[Start of Attachment]
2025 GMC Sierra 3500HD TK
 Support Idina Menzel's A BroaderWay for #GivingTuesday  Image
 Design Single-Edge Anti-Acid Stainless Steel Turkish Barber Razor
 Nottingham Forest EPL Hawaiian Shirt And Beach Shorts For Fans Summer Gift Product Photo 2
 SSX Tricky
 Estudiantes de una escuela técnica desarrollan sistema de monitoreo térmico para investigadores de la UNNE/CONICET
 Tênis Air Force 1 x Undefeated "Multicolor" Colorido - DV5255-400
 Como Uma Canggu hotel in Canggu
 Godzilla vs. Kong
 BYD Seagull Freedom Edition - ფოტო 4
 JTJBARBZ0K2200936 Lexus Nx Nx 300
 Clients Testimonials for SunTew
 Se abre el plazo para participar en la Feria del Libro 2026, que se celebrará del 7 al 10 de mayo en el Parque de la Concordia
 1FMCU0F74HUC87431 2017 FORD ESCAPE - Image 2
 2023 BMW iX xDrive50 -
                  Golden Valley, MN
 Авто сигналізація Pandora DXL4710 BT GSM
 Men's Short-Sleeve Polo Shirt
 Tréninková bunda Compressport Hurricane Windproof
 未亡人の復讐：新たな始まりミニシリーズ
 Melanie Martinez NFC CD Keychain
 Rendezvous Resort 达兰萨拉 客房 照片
[End of Attachment]
→ Work order
If a line in the listing holds the word "Image", list that line.

→ Result for this exercise
 Support Idina Menzel's A BroaderWay for #GivingTuesday  Image
 1FMCU0F74HUC87431 2017 FORD ESCAPE - Image 2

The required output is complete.